Die Gesetzespassage, die für die Auen am Glenner so wichtig ist, dreht sich um den Biotopschutz: Grundsätzlich dürfen Energieprojekte keine Biotope «von nationaler Bedeutung» beeinträchtigen, wie die Auen am Glenner es offiziell sind. Doch hat der Ständerat im Juni entschieden, dass dies nicht gelten soll, wenn das Projekt oberhalb des Biotops gebaut wird. Dann würde nur noch das sogenannte Restwasser, also die gesetzlich vorgeschriebene Mindestmenge, dem bisherigen Lauf des Wassers folgen.
Eine Mehrheit der zuständigen Kommission empfahl dem Nationalrat, diesem Vorschlag am Montag zuzustimmen. Ein wichtiges Argument war neben der Versorgungssicherheit, dass der finale Entscheid zu jedem Projekt auch nach einer Gesetzesänderung bei lokalen Gerichten liegen würde.
«Die Vorlage enthält Bestimmungen, die für uns inakzeptabel sind.»
Grosse Umweltorganisationen wie der WWF oder Pro Natura haben diesen und andere Teile der Vorlage zwar bereits kritisiert. Ob sie bereit sind, das Gesetz deswegen mittels Referendum zu bekämpfen und eine Volksabstimmung zu erzwingen, haben sie bisher jedoch offengelassen.

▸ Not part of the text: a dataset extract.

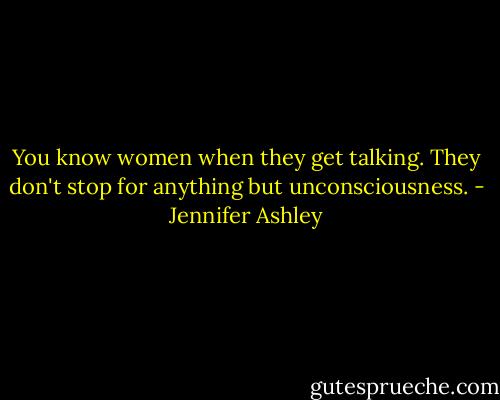 You know women when they get talking. They don't stop for anything but unconsciousness. - Jennifer Ashley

Anzunehmen ist, dass sie einige nicht genehme Teile der Vorlage akzeptieren könnten, um das Gesamtpaket nicht zu gefährden. Das Gesetz wird zentrale Bereiche wie die Genehmigungsverfahren oder die Neugestaltung der Stromnetze regeln, aber auch Pflichten zum Solarausbau festschreiben und die Förderinstrumente ausweiten.
Im Vorfeld der Abstimmung am Montag haben kleinere Umweltorganisationen jedoch ihre mögliche Fundamentalopposition angedeutet: Aqua Viva, Mountain Wilderness und die Stiftung Landschaftsschutz schreiben in einem Brief an sämtliche Parlamentsmitglieder, ohne natürliche Wasserführung seien Fliessgewässer-Auen in ihrer Existenz bedroht.

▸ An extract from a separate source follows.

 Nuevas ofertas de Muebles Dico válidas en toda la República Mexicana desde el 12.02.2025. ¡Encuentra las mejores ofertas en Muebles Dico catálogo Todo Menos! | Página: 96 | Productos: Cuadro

«Die Opferung dieser Lebensräume ist zur Sicherung der Stromversorgung nicht nötig, hätte aber inakzeptable Auswirkungen auf den Erhalt der wertvollsten Lebensräume in der Schweiz», steht im Brief. In Graubünden zum Beispiel könnte die Entscheidung laut den Organisationen theoretisch Konsequenzen für 58 Flusslandschaften haben.
So weit wie im Val Lumnezia ist kein anderes Projekt fortgeschritten. Es würde jährlich 80 Gigawattstunden Strom liefern. Die jährliche Wasserkraftproduktion in der Schweiz betrug zuletzt 37'260 Gigawattstunden.
Kommt es zu einer unheiligen Allianz?
Die Umweltorganisationen verlangen weiter, die Restwasserbestimmungen auch abseits von Biotopen nicht stärker auszuhöhlen.
«Die Vorlage enthält Bestimmungen, die für uns inakzeptabel sind», heisst es im Brief. Eine konsequente Auslegung dieser Sätze würde bedeuten, dass die Organisationen das Referendum ergreifen würden, sollte das Parlament die kritisierten Bestimmungen beschliessen. Allerdings wollen das die Organisationen auf Anfrage so nicht bestätigen.
Im Raum steht gleichzeitig, dass auch die politische Rechte rund um den Hauseigentümerverband das Gesetz bekämpfen könnte. Dies würde wahrscheinlicher, wenn der Nationalrat anders als der Ständerat weiterhin auf allen neuen Gebäuden und bei erheblichen Umbaumassnahmen den Bau von Solaranlagen vorschreiben will.